RE: The meaning of Beta
by apoclypse on Tue 10th Apr 2007 19:55 UTC in reply to "The meaning of Beta"
apoclypse Member since:
2007-02-17

That is s true. I've seen two Ubuntu srelated stories here on this sit e in one day. I like the distro as much as the next guy but even I think its too much. Its nice to see that Ubuntu has such a huge following and that its name is used to draw a crowd but at some point its going to get tedious.

Reply Score: 3

RE: The meaning of Beta
by unavowed on Tue 10th Apr 2007 20:01 UTC in reply to "The meaning of Beta"
unavowed Member since:
2006-03-23

I don't mind people reviewing alpha releases as long as they mention in the opening paragraph that this is actually an alpha version.

Reply Score: 3

RE: The meaning of Beta
by tsedlmeyer on Tue 10th Apr 2007 21:18 UTC in reply to "The meaning of Beta"
tsedlmeyer Member since:
2005-07-07

It would also be nice if people didn't enable unsupported features (XGL) and then complain that things don't work right. Maybe there is a reason Ubuntu doesn't enable XGL out of the box or provide an easy method to enable it as they do with AIGLX?

Reply Score: 3

RE[2]: The meaning of Beta
by B12 Simon on Wed 11th Apr 2007 13:07 UTC in reply to "RE: The meaning of Beta"
B12 Simon Member since:
2006-11-08

I'd say the reviewer was reporting that it didn't work, rather than complaining.

This is one of the most balanced Linux reviews I've read to date.

Reply Score: 2

RE: The meaning of Beta
by flanque on Wed 11th Apr 2007 02:27 UTC in reply to "The meaning of Beta"
flanque Member since:
2005-12-15

But I wish people would stop reviewing every alpha and beta of Feisty. It's pointless. It's, by definition, NOT the final product!

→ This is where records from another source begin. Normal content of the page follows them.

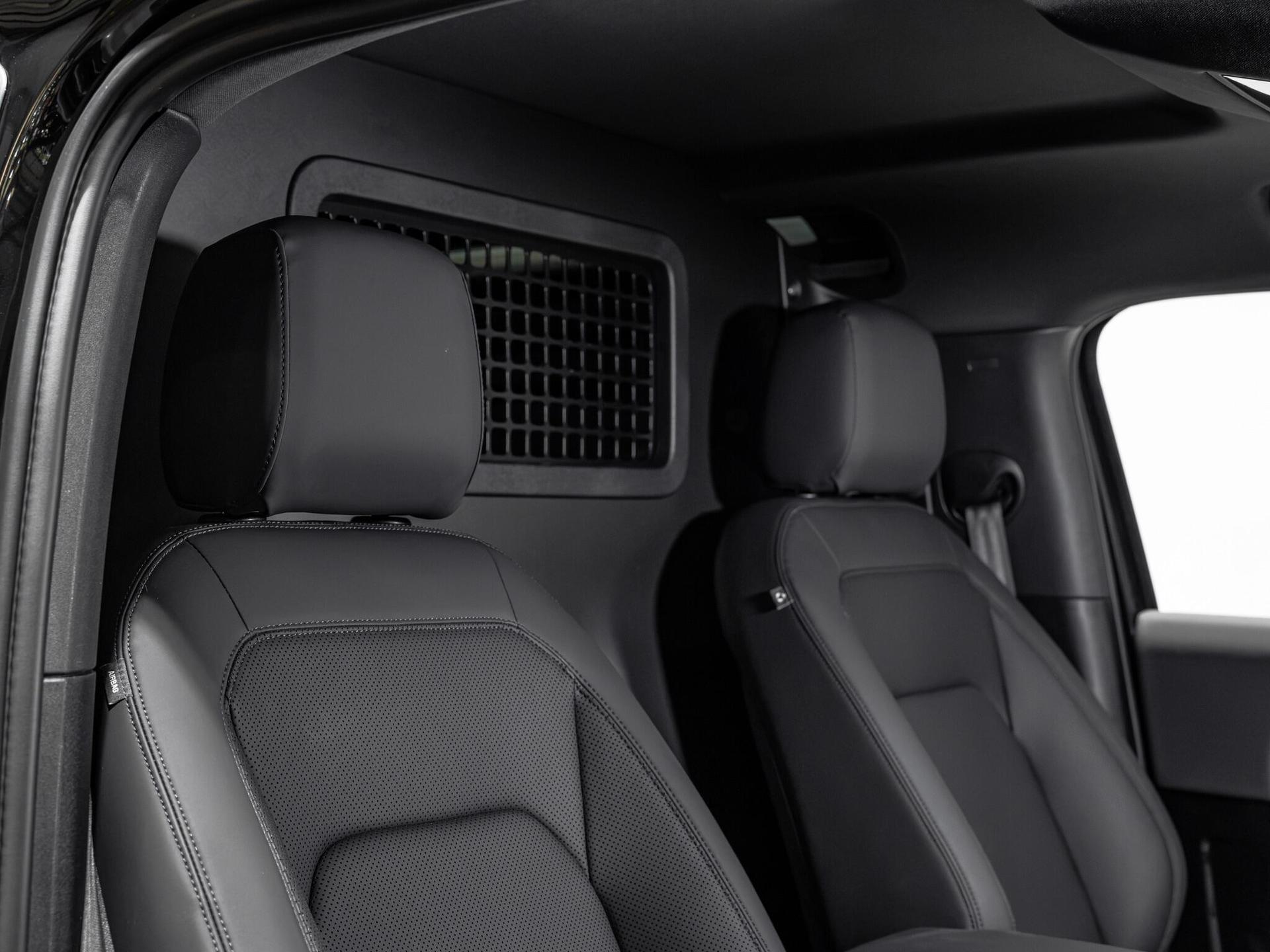 An interior shot of the seat front passenger on a 2026 Land Rover Defender 90
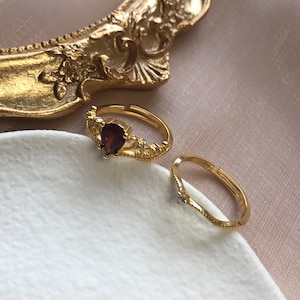 May include: Two gold rings with intricate designs. One ring features a red gemstone, while the other has a smaller clear stone.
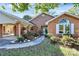 Brick ranch house with landscaped yard, covered carport, and walkway at 1811 Charter Dr, Rock Hill, SC 29732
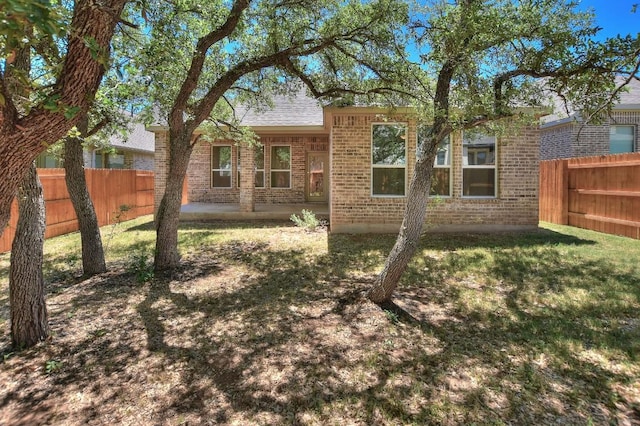 141 Green Knoll Ln, Georgetown, TX 78628 - back of house with brick siding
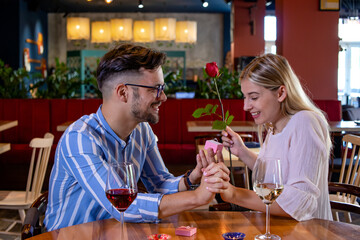 Young romantic couple in a beautiful fancy restaurant. Boyfriend surprise his girlfriend with a red rose and propose to her with an engagement ring.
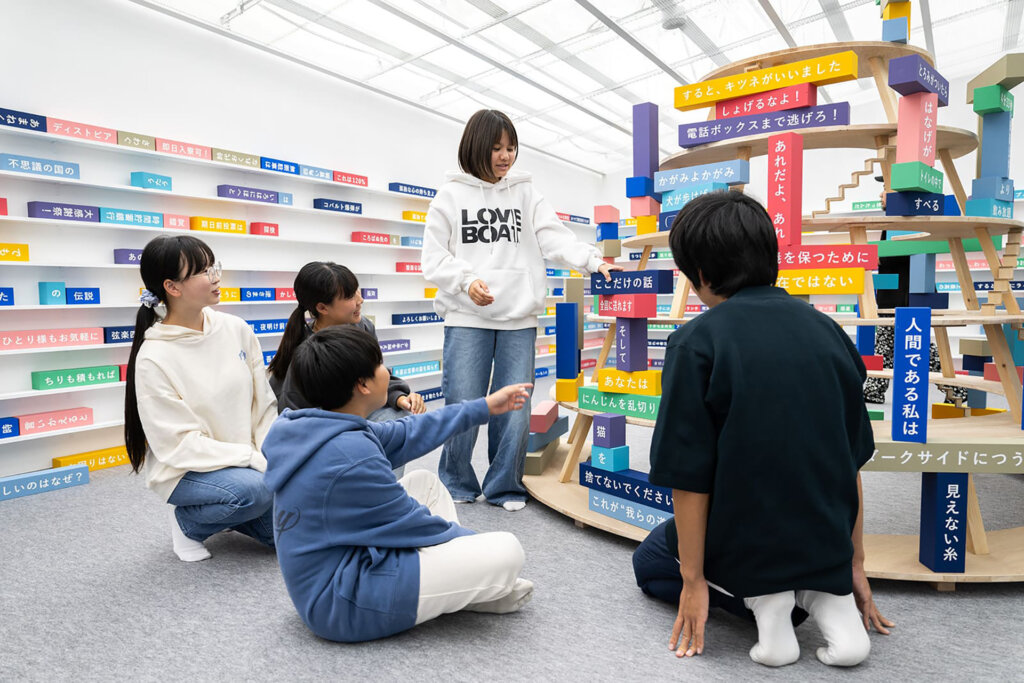 文字が書かれたカラフルなブロックで遊ぶ男女
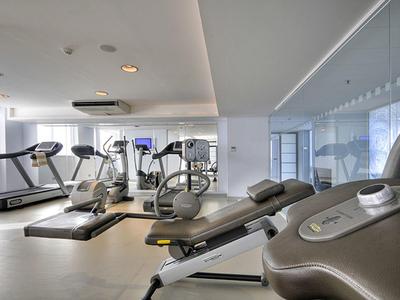 Moderne Fitnessstudio mit Laufbändern, Crosstrainern und Hantelbänken in hellem Raum.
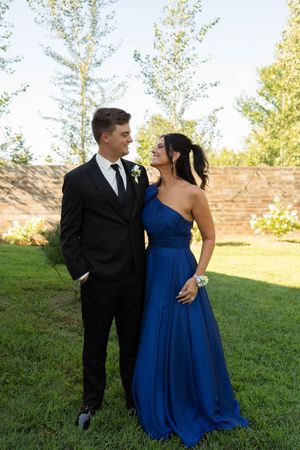 Groomsman in black suit with bridesmaid in blue one-shoulder gown smiling outdoors.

I don't see a problem with it. People want to see progress reviews. Windows surely get it and takes a beating almost every time.

Reply Score: 2

Nice review
by Yomama on Tue 10th Apr 2007 19:54 UTC
Yomama
Member since:
2005-07-21

Very nice review. Even though I'm not a Linux user I think Ubuntu is going in the right direction. Lets not forget this was a beta and those bugs will be ironed out soon. This is what the community needs, honest and unbiased reviews.

Reply Score: 3

vanfruniken
Member since:
2006-07-18

... as they have done for years in MacOSX?

Take the support for hi-res screens. Why aren't 1440x900, 1680x1050, etc. not supported? I understand it only takes a few lines in a config file to do this. This not just puzzles me, it means Linux developers have no clue about the non-geek community they mean to target.

Edited 2007-04-10 20:07

Reply Score: 2

smitty Member since:
2005-10-13

... as they have done for years in MacOSX?

To be fair, I think everything would just work in Linux as well if they had a limited amount of hardware to support and full specs on all of it like Apple does.

Take the support for hi-res screens. Why aren't 1440x900, 1680x1050, etc. not supported?

That's always confused me too. It seems like it would be one of the easier things to fix and yet no one ever seems to do it.

Reply Score: 5

tsedlmeyer Member since:
2005-07-07

1680x1050 has worked out of the box for me for several years with several different distributions.

Reply Score: 2

adamk Member since:
2005-07-08

With the vesa driver?

Adam

Reply Score: 1

leech Member since:
2006-01-10

I could be wrong, but I don't think 1680x1050 and 1440x900 are even standard vesa modes at all. But he's right, with my nvidia card in my laptop, it's always detected and set up 1680x1050 out of the box, then it's just a matter of switching to the nvidia driver.

I do know there was a laptop that I set up that had a Radeon 9700 in it. For some reason the radeon driver didn't work right in it, so I installed the fglrx driver, but had to wait for an update for it to look right. The version that was out at the time was broken for it's native resolution (which as 1440x800 or some weird resolution like that).

Reply Score: 2

Morin Member since:
2005-12-31

> This not just puzzles me, it means Linux developers have no clue about
> the non-geek community they mean to target.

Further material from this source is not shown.